*** Source data Section Begins ***

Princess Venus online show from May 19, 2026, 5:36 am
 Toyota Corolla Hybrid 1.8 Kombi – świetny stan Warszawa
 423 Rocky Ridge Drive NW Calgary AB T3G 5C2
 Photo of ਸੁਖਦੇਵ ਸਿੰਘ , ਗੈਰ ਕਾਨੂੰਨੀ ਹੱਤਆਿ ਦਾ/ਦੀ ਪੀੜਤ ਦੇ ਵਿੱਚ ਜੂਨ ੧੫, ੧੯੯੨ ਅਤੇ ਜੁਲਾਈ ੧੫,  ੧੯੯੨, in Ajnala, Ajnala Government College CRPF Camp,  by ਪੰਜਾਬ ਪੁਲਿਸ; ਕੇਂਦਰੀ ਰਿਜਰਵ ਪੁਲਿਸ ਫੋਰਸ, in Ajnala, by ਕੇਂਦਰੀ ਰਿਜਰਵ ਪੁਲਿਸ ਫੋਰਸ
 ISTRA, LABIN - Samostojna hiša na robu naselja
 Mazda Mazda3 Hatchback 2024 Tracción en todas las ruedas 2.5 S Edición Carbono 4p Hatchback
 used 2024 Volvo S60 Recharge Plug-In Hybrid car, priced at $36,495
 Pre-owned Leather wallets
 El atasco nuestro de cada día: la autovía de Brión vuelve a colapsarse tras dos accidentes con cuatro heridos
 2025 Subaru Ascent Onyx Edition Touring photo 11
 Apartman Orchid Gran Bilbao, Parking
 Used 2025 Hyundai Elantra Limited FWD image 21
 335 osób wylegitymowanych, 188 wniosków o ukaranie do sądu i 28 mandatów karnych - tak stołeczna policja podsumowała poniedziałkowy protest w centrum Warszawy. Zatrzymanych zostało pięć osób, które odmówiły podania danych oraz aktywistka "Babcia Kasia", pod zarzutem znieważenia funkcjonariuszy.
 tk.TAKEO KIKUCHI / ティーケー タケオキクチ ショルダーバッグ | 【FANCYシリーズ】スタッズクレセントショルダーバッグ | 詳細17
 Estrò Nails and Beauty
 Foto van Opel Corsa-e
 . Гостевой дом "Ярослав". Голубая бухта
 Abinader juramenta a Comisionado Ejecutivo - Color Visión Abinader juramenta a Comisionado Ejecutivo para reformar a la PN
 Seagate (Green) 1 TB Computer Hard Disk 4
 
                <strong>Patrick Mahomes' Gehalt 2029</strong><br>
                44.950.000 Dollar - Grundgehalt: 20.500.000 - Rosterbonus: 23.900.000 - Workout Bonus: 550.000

*** Source data Section Ends ***

# What you need to do
Above are the entries. Quote exactly the lines from the one bearing "tk.TAKEO KIKUCHI /" through the one bearing "<strong>Patrick Mahomes' Gehalt".

# Answer space
 tk.TAKEO KIKUCHI / ティーケー タケオキクチ ショルダーバッグ | 【FANCYシリーズ】スタッズクレセントショルダーバッグ | 詳細17
 Estrò Nails and Beauty
 Foto van Opel Corsa-e
 . Гостевой дом "Ярослав". Голубая бухта
 Abinader juramenta a Comisionado Ejecutivo - Color Visión Abinader juramenta a Comisionado Ejecutivo para reformar a la PN
 Seagate (Green) 1 TB Computer Hard Disk 4
 
                <strong>Patrick Mahomes' Gehalt 2029</strong><br>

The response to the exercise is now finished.